What are you, as his ex-wife from the time before he was cool or rich, going to tell people that they already don’t know about the guy? Not much. We know everything about him because everyone who knew him has already taken a direct shit on his legacy – and probably got paid to do it. Bottom line, if he didn’t beat you with a tire iron because you had a stupid idea, you’ve got nothing.
Oh wait, you’ve seen him naked? Now we’re talking. Nobody has told that story yet! Hell, I bet her entire book pitch was “you pay me lots of money and I’ll do a chapter on sex with Steve.” The publisher probably pulled out gold bars from his desk and just started flipping them into her purse at that point.
Of course, the publisher probably read her first draft and found out that a guy who is obsessed with computers who didn’t shower for weeks on end wasn’t all that great in the sack.
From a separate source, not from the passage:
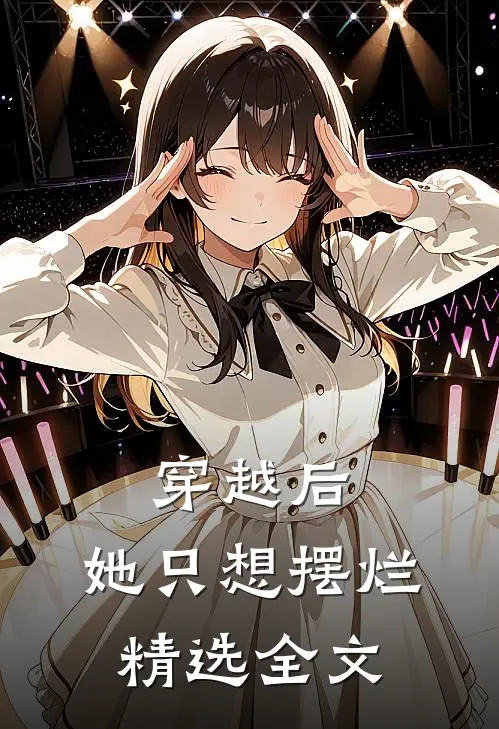 穿越后，她只想摆烂精选全文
That wasn’t going to fly with the publisher because the rest of the book is filled with usual Steve Jobs’ theme – he was an asshole. For him to be a failure in bed wouldn’t be a surprise – there’s a reason women don’t get all turned on by a guy sitting at a desk coding software. Introverted shut-ins don’t really give you the impression they’d have the sexual confidence in bed to please a woman. This fact poses a major problem for books sales in this case.
Are you going to buy a book where the excerpts lead you to believe that he was an obsessive asshole geek who was bad in bad? Nope. It has to be the opposite. You must get the impression that Jobs was an asshole computer genius who spent the moments he wasn’t stealing other people’s ideas inducing earthshaking orgasms in whatever hot chick was within his reach. If 50 Shades taught us anything it’s that there must be great sex even if there really is no story.
The publisher had his editors go in and turn Steve Jobs into a skinny, hairless version of John Holmes because that’s the hook he needs to get you to buy the book. There’s not anything about the other excerpts from the book that piques your interest. Reading about what it was like to bang Steve Jobs is what you are coming to see. Unfortunately, the publisher had to pull the typical Hollywood stunt and show you the best part of the story in the preview in order to get you in the door. I can guarantee you that the rest of the book is filled with more of the same Jobs’ crap you’ve already heard.
You’ll read the chapter about sex with Steve and somewhere in the back of your mind you’ll justify all of his behavior and all of the money you wasted on his sub-par products with the confidence that he was probably a pretty good lay (which he totally wasn’t).
Just a side note – the inverse expectation is always expected when the famous person was perceived by persona to be a sexual dynamo. So when Warren Beatty dies that one old flame who was late to the money trough will wake up a year later with the revelation that he had a tiny penis, cried after sex and like wearing her panties. That’s just how it works, people.